The essay at hand pursues the question as to how the German philosopher and poet Novalis has been able to characterize the whole of philosophy as a longing for home. In succession to a historic contextualization and research background there follows a presentation of certain ideas in Kant and Fichte. This aims to build the historico-philosophical ground for thinking the philosophy of Novalis as such a longing. A close reading of Novalis work Fichte-studies is the main justification for this interpretation. In accordance, Novalis understands philosophy as a longing for home arisen from the factual experience of the I. Feeling links this experience to theabsolute, thus providing the foundation for philosophy. Thus in thinking, this absolute ground can be set only relatively and indirectly.
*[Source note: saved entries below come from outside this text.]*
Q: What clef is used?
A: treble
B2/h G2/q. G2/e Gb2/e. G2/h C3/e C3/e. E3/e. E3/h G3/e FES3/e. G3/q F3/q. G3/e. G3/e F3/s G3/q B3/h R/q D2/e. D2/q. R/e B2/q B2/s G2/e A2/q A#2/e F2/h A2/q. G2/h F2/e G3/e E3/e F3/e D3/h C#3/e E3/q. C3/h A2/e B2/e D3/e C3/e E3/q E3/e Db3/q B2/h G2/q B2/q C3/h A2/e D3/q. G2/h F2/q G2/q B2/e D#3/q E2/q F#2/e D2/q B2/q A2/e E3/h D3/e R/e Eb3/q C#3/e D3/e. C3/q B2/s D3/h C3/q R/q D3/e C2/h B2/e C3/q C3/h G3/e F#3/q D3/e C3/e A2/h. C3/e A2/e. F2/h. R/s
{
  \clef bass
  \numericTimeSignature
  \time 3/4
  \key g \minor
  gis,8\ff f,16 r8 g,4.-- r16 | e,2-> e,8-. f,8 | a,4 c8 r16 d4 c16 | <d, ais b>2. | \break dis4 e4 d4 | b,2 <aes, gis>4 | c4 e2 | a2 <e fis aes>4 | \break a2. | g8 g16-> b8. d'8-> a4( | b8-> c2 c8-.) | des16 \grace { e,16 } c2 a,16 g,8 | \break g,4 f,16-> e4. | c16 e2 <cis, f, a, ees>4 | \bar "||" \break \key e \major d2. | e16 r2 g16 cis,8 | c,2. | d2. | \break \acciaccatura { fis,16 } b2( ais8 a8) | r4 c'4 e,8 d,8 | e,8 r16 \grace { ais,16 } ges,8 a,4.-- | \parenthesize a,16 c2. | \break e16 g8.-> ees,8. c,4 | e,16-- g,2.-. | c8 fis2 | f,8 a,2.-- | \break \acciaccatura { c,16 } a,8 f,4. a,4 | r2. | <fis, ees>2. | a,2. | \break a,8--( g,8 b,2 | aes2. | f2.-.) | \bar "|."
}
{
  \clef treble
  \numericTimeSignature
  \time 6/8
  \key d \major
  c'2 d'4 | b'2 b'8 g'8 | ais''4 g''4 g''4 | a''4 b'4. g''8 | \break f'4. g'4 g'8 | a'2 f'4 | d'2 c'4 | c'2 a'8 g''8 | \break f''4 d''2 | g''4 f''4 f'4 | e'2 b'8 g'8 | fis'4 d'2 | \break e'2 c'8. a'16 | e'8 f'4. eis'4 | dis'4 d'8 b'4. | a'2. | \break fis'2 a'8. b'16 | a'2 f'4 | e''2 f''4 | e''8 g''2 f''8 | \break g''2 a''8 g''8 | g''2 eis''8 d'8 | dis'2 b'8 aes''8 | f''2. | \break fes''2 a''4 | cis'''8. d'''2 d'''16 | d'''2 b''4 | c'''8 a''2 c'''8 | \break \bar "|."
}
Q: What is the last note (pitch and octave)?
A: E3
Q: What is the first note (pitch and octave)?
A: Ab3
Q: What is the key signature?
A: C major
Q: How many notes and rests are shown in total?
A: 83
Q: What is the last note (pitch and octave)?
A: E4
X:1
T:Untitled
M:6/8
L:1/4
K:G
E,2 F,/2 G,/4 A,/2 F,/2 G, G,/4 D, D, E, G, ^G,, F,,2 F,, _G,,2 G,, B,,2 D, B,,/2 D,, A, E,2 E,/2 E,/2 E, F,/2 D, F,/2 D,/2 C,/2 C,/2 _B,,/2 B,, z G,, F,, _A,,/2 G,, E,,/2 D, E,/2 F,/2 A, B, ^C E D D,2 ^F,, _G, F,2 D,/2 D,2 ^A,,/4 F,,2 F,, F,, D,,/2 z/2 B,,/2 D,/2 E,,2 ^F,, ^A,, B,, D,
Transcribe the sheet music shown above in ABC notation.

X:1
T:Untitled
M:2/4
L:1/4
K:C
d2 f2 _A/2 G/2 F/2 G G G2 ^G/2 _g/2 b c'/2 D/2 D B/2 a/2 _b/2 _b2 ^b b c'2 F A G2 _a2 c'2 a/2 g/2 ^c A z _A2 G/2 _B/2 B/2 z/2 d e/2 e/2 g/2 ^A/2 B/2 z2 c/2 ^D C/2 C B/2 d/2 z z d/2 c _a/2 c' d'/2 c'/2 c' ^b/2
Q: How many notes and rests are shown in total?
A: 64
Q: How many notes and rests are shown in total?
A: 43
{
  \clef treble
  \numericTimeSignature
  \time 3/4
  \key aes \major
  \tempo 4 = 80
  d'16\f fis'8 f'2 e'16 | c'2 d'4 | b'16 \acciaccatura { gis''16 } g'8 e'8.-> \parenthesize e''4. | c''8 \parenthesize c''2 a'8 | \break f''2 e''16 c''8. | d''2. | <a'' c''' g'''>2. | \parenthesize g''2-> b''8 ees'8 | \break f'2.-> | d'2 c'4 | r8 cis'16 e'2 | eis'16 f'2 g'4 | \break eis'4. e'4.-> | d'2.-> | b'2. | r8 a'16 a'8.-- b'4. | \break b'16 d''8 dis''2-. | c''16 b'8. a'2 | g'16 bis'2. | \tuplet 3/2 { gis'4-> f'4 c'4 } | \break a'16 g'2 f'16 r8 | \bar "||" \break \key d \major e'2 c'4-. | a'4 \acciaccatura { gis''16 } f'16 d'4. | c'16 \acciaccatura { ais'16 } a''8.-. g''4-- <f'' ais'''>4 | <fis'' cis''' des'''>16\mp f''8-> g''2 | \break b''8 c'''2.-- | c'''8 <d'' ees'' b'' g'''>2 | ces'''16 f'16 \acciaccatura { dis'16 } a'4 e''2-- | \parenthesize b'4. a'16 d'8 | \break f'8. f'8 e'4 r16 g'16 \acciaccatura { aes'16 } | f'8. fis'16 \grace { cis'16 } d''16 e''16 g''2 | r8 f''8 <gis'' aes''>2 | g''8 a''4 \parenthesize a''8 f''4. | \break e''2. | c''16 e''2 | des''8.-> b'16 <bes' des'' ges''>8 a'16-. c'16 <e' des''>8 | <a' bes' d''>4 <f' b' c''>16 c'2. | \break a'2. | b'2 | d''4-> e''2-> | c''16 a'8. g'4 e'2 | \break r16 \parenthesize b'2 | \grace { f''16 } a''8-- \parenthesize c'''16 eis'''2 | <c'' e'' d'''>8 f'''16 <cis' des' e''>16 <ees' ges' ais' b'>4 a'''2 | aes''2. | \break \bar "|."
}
Philosophy can never establish direct contact with the absolute, but must be driven infinitely by thinking, through feeling, towards it. This drive shall be understood as a longing. Longing arrives through what is absolutely given in feeling. Longing moves towards re-establishing the given which thinking has lost. The I is understood as where being dwells. Herein the I's feeling of direct experience of its existence is reached — as a belonging to the world. Such a feeling of belonging is destined to evaporate with thinking. Nevertheless, thinking hopes to come home — it dreams this future. Hence we arrive at philosophy thought as a longing for home. In the end, we conclude with Novalis that philosophy thought this way must be procured by poetry.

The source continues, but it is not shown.